Apparatus for pumping/pressurizing fluid materials such as viscous liquid polymers in which a shaft is provided with one or more blades which extend into and rotate in one or more annular channels. Inlet grooves conduct the liquid material through grooves in the shaft into the channel behind each blade. The walls of the channel apply a drag force to the material and the advancing blade pressurizes the material which is forced through axial grooves in the shaft to another pumping channel, or to an outlet. Close running fits or dynamic seals between the shaft and its bearings provide seals at opposite sides of each channel.

Description

FIELD OF THE INVENTION

This invention relates to a pump for viscous fluid.

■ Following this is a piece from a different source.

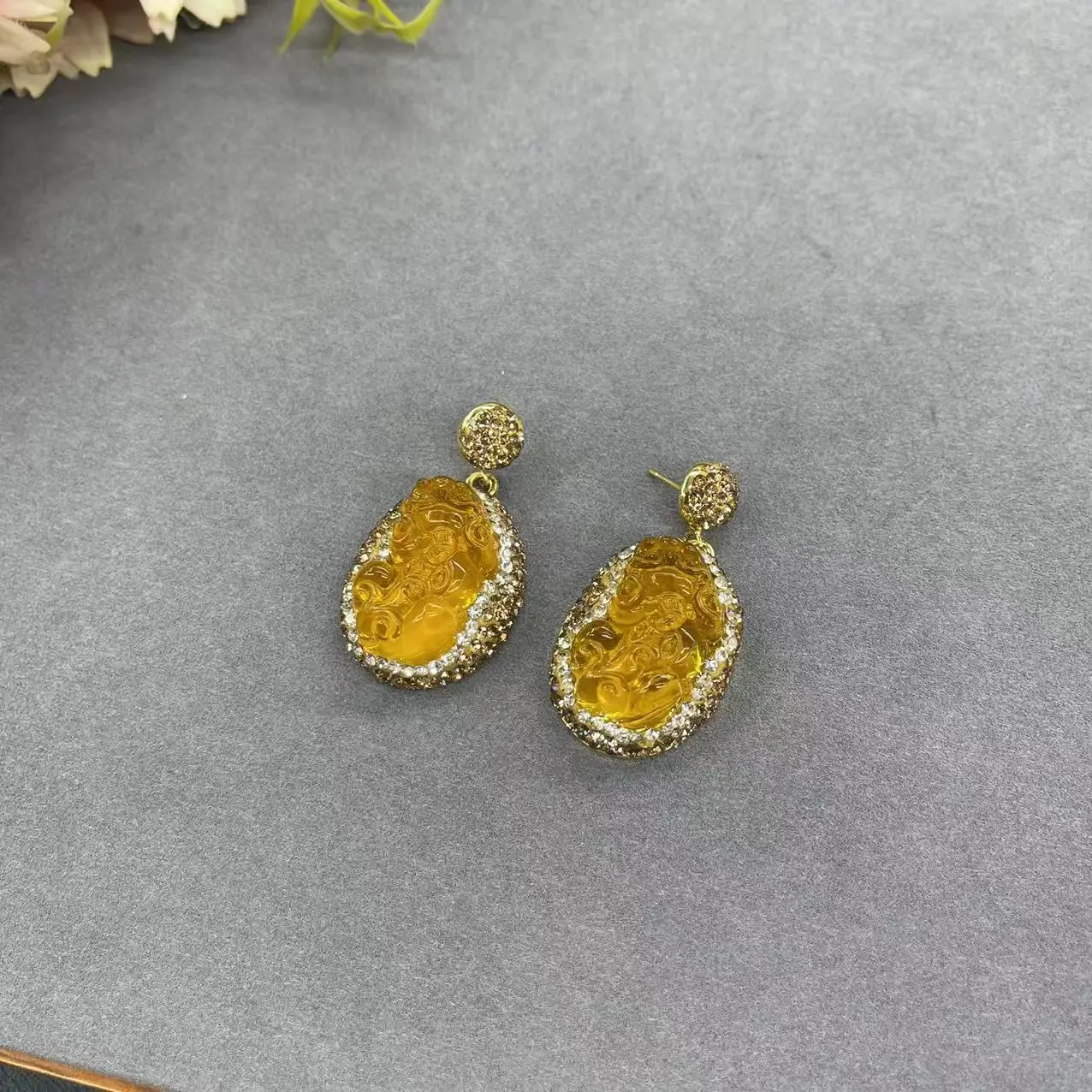 

Комплект ювелирных изделий с цитрином для женщин, барочный жемчуг, кристалл, инкрустированный кулон, ожерелье, серьги, кольца, браслет, очаровательный модный подарок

DESCRIPTION OF THE PRIOR ART

It is known in the polymer processing field that after processing polymer by melting, mixing, devolatilizing and the like any processing apparatus used must be capable of generating pressure in the viscous liquid material sufficient to extrude the polymer through a shaping die or pelletizing plate or merely to transfer the material to another processing device.

In a screw type processor, a screw running in a bore is generally provided with channels of reduced cross section such as caused by channels of diminished depth or by varying the pitch of the screw in order to generate increased pressure. A screw having reduced depth typically is shown in U.S. Pat. No. 3,023,456. Melting, mixing devolatilizing and other operations are performed in relatively wide channels at relatively low pressure. The viscous liquid polymer, however, is usually pressurized for pumping in relatively narrow channels which requires considerably greater expenditure of energy than the other processing channels.

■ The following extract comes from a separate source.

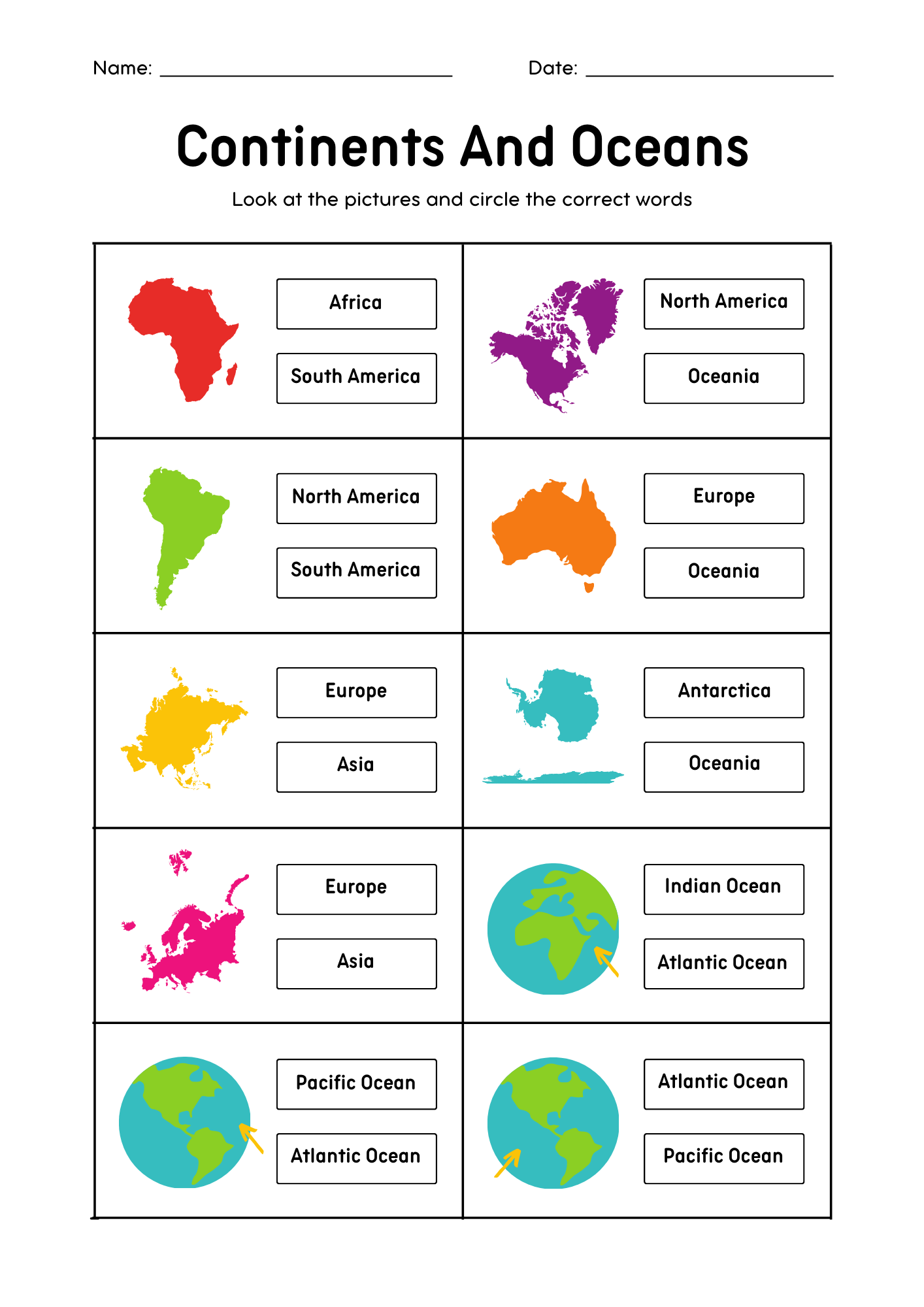 Continents and Oceans Vocabulary Worksheet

Accordingly, it is an object of the invention to provide a device for pumping viscous fluid with a significantly less expenditure of energy and resultant lower costs.

SUMMARY OF THE INVENTION

The present invention provides a novel device for pumping viscous fluids. The pump includes a body member having a central bearing in which a shaft rotates. The shaft is provided with one or more radial blades which are received for rotation in one or more annular channels. At the base of each blade, the shaft is provided with a groove which extends generally axially along the shaft from an inlet through which the viscous fluid is supplied to a recess behind the blade and which also communicates with the annular channel. As the shaft and blade rotate, the viscous fluid builds up behind the blade and as the channel fills, the leading side of the blade engages the bank of material. Since the fixed walls of the channel apply a drag to the material, pressure is built up by the advancing blade causing the material to be forced from the channel through another groove in the shaft leading from the root of the front side of the blade to an outlet or to the backside of a successive blade on the shaft to repeat the operation and further raise the pressure on the material. To avoid uneven stresses and deflection of the shaft, the blades may be arranged equally spaced around the shaft or at diametrically opposite sides of the shaft. With this arrangement leakage from the unit can be minimized by a close clearance between the shaft and a relatively close fitting bearing. To eliminate leakage the shaft surface can be formed to act as a dynamic seal using the viscous polymer to fill the clearance. The inlet and outlet grooves pass through the bearing/sealing areas.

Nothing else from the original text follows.